Anyone here that has real-life experience with DKIM granularity?
As admin in a company I receive an increasing number of requests to have DKIM records added to our DNS, to allow all kinds of third-party cloud services/applications to send email on our behalf. I am extremely reluctant to do this as it permits those hosters to send email as anyone in our domains, rather than the single sending address they typically need.
It seems DKIM granularity (g= tag) is the answer to this. The published DNS record can then specify a local-part of an email address, that may sign with this key.
It sounds great, and exactly what is needed to restrict a key to a single email address.
Reasons for my concern:
RFC 6376 mentions it is discarded/deprecated as it was not being used. Yet, it still explains how it works and that the meaning of an empty value g= tag has changed since the previous RFC.

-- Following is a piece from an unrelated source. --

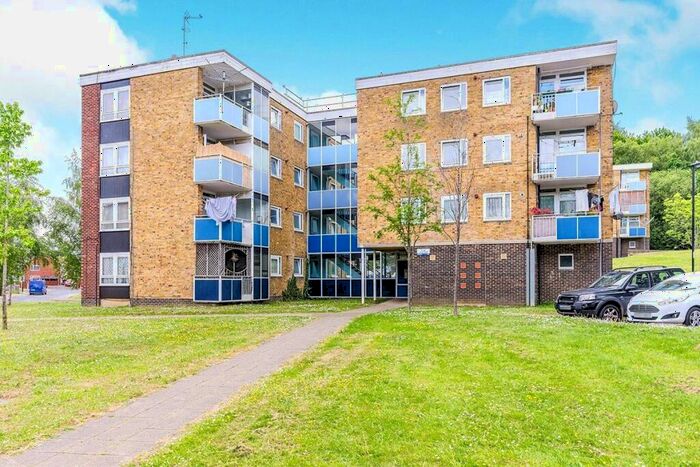 2 Bedroom Flat To Rent In Linacre Road, Southampton, Hampshire, SO19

Does this mean that a non-empty value g= tag is still valid and ought to work?
I see some sites mention this as deprecated plain and simple, others as still current.
(too bad when the specification is not specific enough to understand the intent)
It seems that a g= tag in the DNS record, must match the local-part of an i= tag in the signature.
The optional i= tag, if included must match the sending domain. But the local-part of it is not required to match the sending users identity.
Does that mean the the i= in the signature can be different than the sending email address? In that case, can’t it be circumvented?, unless receiving validators optionally check it anyway.
Does anyone use this granularity, can it be relied on?
Or is it deprecated or worthless because it can be circumvented?
Any chance DMARC adds any real restrictions to it?